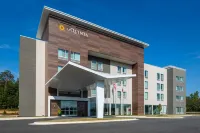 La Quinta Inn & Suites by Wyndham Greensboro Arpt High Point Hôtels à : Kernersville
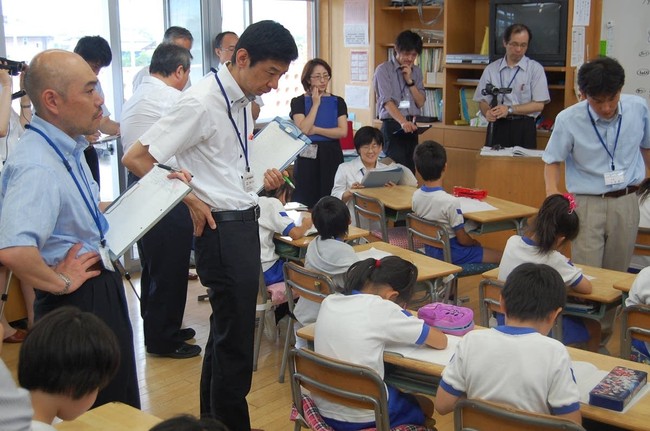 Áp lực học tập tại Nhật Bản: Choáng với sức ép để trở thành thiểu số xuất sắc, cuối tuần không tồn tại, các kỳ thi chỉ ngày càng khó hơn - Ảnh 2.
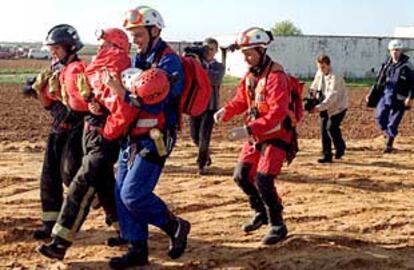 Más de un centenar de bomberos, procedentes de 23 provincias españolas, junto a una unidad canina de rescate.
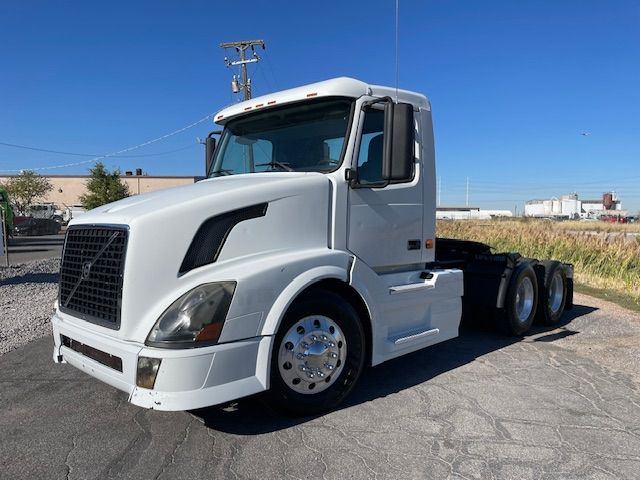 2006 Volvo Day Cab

--

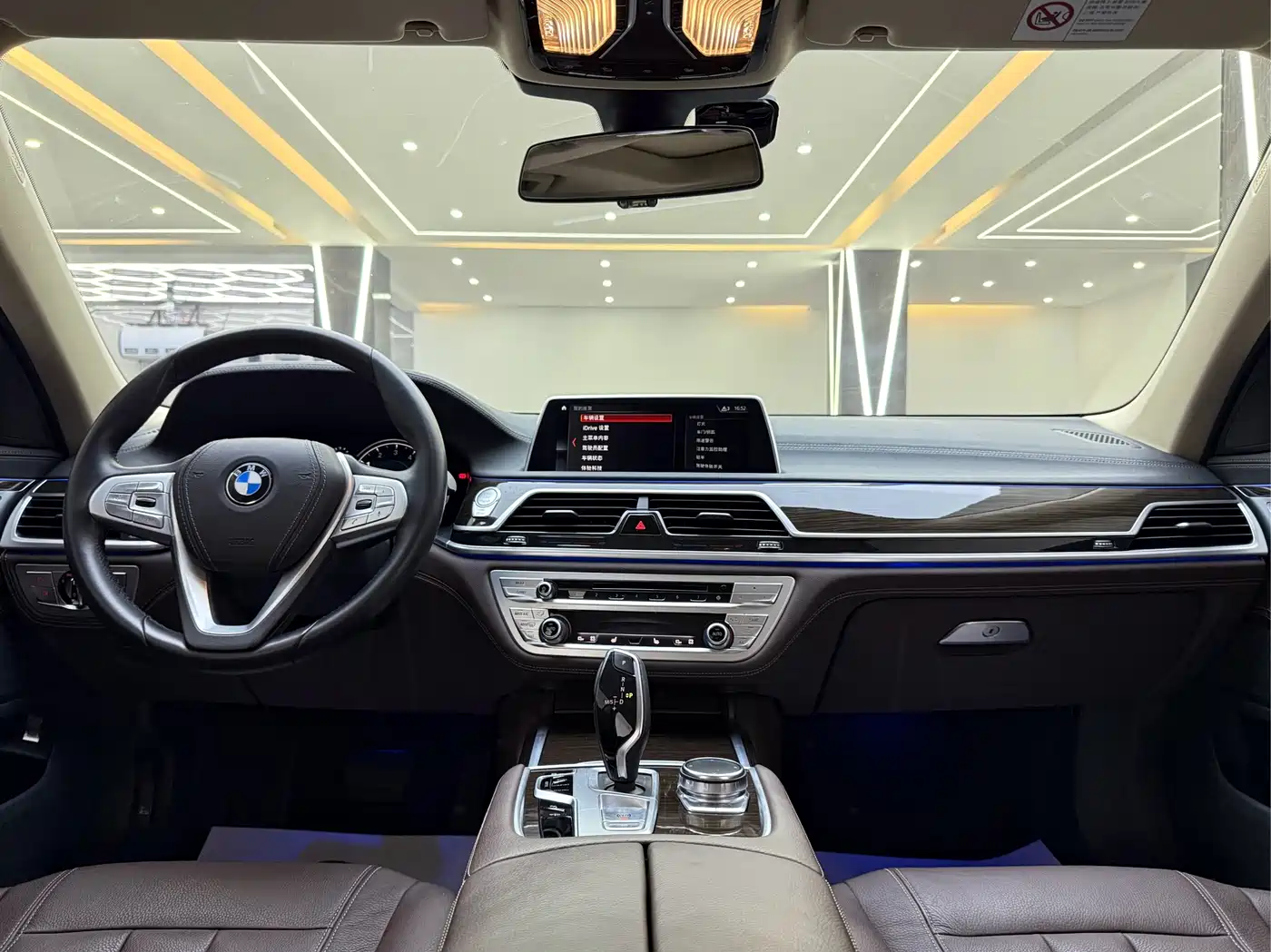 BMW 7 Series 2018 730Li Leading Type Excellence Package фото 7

...

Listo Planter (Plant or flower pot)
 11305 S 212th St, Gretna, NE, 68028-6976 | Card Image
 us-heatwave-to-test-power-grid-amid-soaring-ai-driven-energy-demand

▸ **WHAT THIS TASK INVOLVES**
Your answer must be the exact lines from the records above, from the one containing "La Quinta Inn" through the one containing "2006 Volvo Day Cab", both included, with every picture left out.

▸ **ANSWER FOR THE TASK**
 La Quinta Inn & Suites by Wyndham Greensboro Arpt High Point Hôtels à : Kernersville
 Áp lực học tập tại Nhật Bản: Choáng với sức ép để trở thành thiểu số xuất sắc, cuối tuần không tồn tại, các kỳ thi chỉ ngày càng khó hơn - Ảnh 2.
 Más de un centenar de bomberos, procedentes de 23 provincias españolas, junto a una unidad canina de rescate.
 2006 Volvo Day Cab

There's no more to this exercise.